▸ EXERCISE GOAL: Will you write out the data exactly, excluding every picture?

▸ DATASET EXCERPT:
Content starts
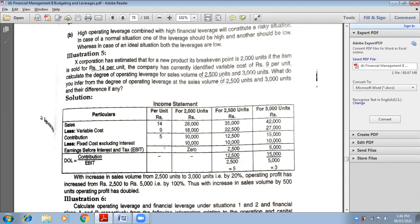If you look at the first line, they are manufacturing a new product and its break-even point is 2000 units — meaning they want to sell 2000 units. Break-even means number of units sold where there is no profit, no loss. So break-even point of 2000 units means if he is selling 2000 units, there would be no profit, no loss. So: 2000 units, 2500 units, and 3000 units.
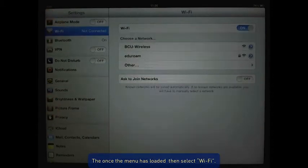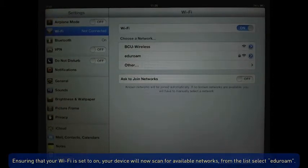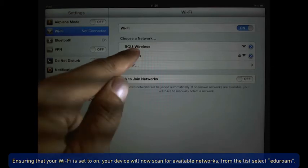Ensuring that your Wi-Fi is set to on, your device will now scan for available networks.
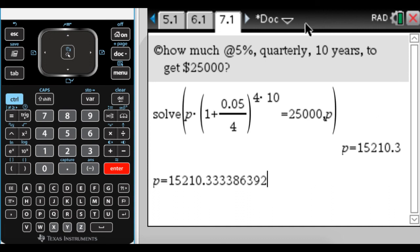All right. So that's a bunch of stuff about compound interest, how you can use your calculator to deal with it. I hope you found this helpful. And good luck.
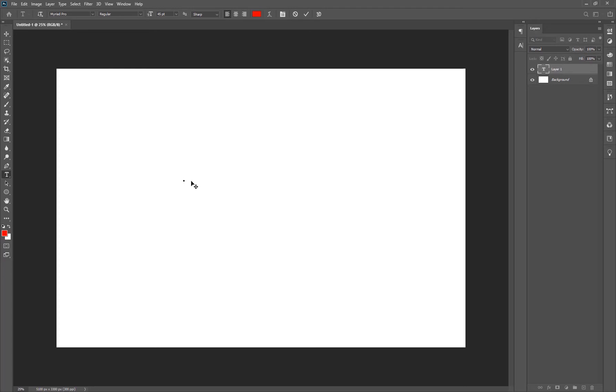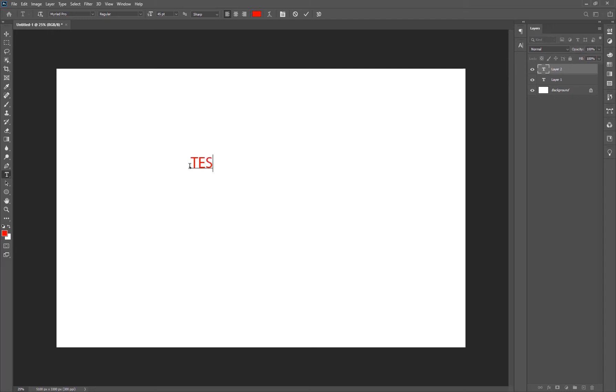I can go ahead and type whatever text I want. There, much better.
Content ends
▸ ANSWER TO THIS PROBLEM:
If you look at the first line, they are manufacturing a new product and its break-even point is 2000 units — meaning they want to sell 2000 units. Break-even means number of units sold where there is no profit, no loss. So break-even point of 2000 units means if he is selling 2000 units, there would be no profit, no loss. So: 2000 units, 2500 units, and 3000 units.
Ensuring that your Wi-Fi is set to on, your device will now scan for available networks.
All right. So that's a bunch of stuff about compound interest, how you can use your calculator to deal with it. I hope you found this helpful. And good luck.
I can go ahead and type whatever text I want. There, much better.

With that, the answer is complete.